Problem details: Restating every entry exactly is the whole task.

Available data:
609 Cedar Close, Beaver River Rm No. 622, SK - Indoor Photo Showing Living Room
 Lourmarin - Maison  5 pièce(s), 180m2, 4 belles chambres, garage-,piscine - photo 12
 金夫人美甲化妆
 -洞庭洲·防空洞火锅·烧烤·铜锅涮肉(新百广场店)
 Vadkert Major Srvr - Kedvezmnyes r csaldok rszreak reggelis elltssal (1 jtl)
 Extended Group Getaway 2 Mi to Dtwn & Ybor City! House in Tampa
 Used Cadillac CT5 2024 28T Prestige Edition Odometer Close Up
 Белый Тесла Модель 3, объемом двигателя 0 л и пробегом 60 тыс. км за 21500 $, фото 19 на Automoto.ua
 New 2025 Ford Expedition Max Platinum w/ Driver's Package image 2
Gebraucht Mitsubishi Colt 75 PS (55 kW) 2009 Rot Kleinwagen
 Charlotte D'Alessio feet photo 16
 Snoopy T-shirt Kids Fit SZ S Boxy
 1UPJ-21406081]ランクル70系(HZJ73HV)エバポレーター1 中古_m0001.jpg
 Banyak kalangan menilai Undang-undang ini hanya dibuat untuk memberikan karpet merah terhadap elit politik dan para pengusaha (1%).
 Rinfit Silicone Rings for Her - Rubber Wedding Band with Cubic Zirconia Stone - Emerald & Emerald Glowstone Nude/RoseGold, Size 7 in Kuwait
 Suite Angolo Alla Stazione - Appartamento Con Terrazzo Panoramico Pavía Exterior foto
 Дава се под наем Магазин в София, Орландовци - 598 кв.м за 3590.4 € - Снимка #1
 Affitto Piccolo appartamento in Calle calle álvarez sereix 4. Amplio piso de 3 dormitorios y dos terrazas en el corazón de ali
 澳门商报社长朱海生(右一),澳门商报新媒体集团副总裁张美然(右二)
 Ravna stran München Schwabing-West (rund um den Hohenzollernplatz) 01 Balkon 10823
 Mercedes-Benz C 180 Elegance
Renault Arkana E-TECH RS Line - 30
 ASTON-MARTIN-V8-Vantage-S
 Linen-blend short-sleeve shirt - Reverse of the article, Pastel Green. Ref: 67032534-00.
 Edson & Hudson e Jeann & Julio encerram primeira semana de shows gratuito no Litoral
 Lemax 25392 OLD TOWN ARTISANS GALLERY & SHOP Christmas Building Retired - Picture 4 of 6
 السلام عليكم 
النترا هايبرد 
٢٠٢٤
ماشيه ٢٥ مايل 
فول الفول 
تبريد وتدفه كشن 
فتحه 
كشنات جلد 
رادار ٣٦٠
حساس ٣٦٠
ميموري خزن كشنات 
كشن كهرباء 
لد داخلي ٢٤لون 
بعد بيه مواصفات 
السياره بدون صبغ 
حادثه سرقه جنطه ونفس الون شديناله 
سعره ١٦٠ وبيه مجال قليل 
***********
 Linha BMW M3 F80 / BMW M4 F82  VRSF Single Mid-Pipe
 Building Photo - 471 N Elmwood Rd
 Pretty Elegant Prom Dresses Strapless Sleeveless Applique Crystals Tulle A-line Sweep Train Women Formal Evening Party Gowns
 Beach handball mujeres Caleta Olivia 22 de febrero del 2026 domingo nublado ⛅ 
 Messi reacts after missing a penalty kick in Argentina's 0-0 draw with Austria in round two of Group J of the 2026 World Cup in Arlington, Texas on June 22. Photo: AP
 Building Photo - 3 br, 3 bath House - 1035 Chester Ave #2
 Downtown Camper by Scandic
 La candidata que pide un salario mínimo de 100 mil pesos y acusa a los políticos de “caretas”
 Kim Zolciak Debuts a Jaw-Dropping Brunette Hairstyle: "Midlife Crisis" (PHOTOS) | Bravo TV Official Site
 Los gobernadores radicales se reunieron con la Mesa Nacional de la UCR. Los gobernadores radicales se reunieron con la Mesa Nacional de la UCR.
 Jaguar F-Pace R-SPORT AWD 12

Response below:
609 Cedar Close, Beaver River Rm No. 622, SK - Indoor Photo Showing Living Room
 Lourmarin - Maison  5 pièce(s), 180m2, 4 belles chambres, garage-,piscine - photo 12
 金夫人美甲化妆
 -洞庭洲·防空洞火锅·烧烤·铜锅涮肉(新百广场店)
 Vadkert Major Srvr - Kedvezmnyes r csaldok rszreak reggelis elltssal (1 jtl)
 Extended Group Getaway 2 Mi to Dtwn & Ybor City! House in Tampa
 Used Cadillac CT5 2024 28T Prestige Edition Odometer Close Up
 Белый Тесла Модель 3, объемом двигателя 0 л и пробегом 60 тыс. км за 21500 $, фото 19 на Automoto.ua
 New 2025 Ford Expedition Max Platinum w/ Driver's Package image 2
Gebraucht Mitsubishi Colt 75 PS (55 kW) 2009 Rot Kleinwagen
 Charlotte D'Alessio feet photo 16
 Snoopy T-shirt Kids Fit SZ S Boxy
 1UPJ-21406081]ランクル70系(HZJ73HV)エバポレーター1 中古_m0001.jpg
 Banyak kalangan menilai Undang-undang ini hanya dibuat untuk memberikan karpet merah terhadap elit politik dan para pengusaha (1%).
 Rinfit Silicone Rings for Her - Rubber Wedding Band with Cubic Zirconia Stone - Emerald & Emerald Glowstone Nude/RoseGold, Size 7 in Kuwait
 Suite Angolo Alla Stazione - Appartamento Con Terrazzo Panoramico Pavía Exterior foto
 Дава се под наем Магазин в София, Орландовци - 598 кв.м за 3590.4 € - Снимка #1
 Affitto Piccolo appartamento in Calle calle álvarez sereix 4. Amplio piso de 3 dormitorios y dos terrazas en el corazón de ali
 澳门商报社长朱海生(右一),澳门商报新媒体集团副总裁张美然(右二)
 Ravna stran München Schwabing-West (rund um den Hohenzollernplatz) 01 Balkon 10823
 Mercedes-Benz C 180 Elegance
Renault Arkana E-TECH RS Line - 30
 ASTON-MARTIN-V8-Vantage-S
 Linen-blend short-sleeve shirt - Reverse of the article, Pastel Green. Ref: 67032534-00.
 Edson & Hudson e Jeann & Julio encerram primeira semana de shows gratuito no Litoral
 Lemax 25392 OLD TOWN ARTISANS GALLERY & SHOP Christmas Building Retired - Picture 4 of 6
 السلام عليكم 
النترا هايبرد 
٢٠٢٤
ماشيه ٢٥ مايل 
فول الفول 
تبريد وتدفه كشن 
فتحه 
كشنات جلد 
رادار ٣٦٠
حساس ٣٦٠
ميموري خزن كشنات 
كشن كهرباء 
لد داخلي ٢٤لون 
بعد بيه مواصفات 
السياره بدون صبغ 
حادثه سرقه جنطه ونفس الون شديناله 
سعره ١٦٠ وبيه مجال قليل 
***********
 Linha BMW M3 F80 / BMW M4 F82  VRSF Single Mid-Pipe
 Building Photo - 471 N Elmwood Rd
 Pretty Elegant Prom Dresses Strapless Sleeveless Applique Crystals Tulle A-line Sweep Train Women Formal Evening Party Gowns
 Beach handball mujeres Caleta Olivia 22 de febrero del 2026 domingo nublado ⛅ 
 Messi reacts after missing a penalty kick in Argentina's 0-0 draw with Austria in round two of Group J of the 2026 World Cup in Arlington, Texas on June 22. Photo: AP
 Building Photo - 3 br, 3 bath House - 1035 Chester Ave #2
 Downtown Camper by Scandic
 La candidata que pide un salario mínimo de 100 mil pesos y acusa a los políticos de “caretas”
 Kim Zolciak Debuts a Jaw-Dropping Brunette Hairstyle: "Midlife Crisis" (PHOTOS) | Bravo TV Official Site
 Los gobernadores radicales se reunieron con la Mesa Nacional de la UCR. Los gobernadores radicales se reunieron con la Mesa Nacional de la UCR.
 Jaguar F-Pace R-SPORT AWD 12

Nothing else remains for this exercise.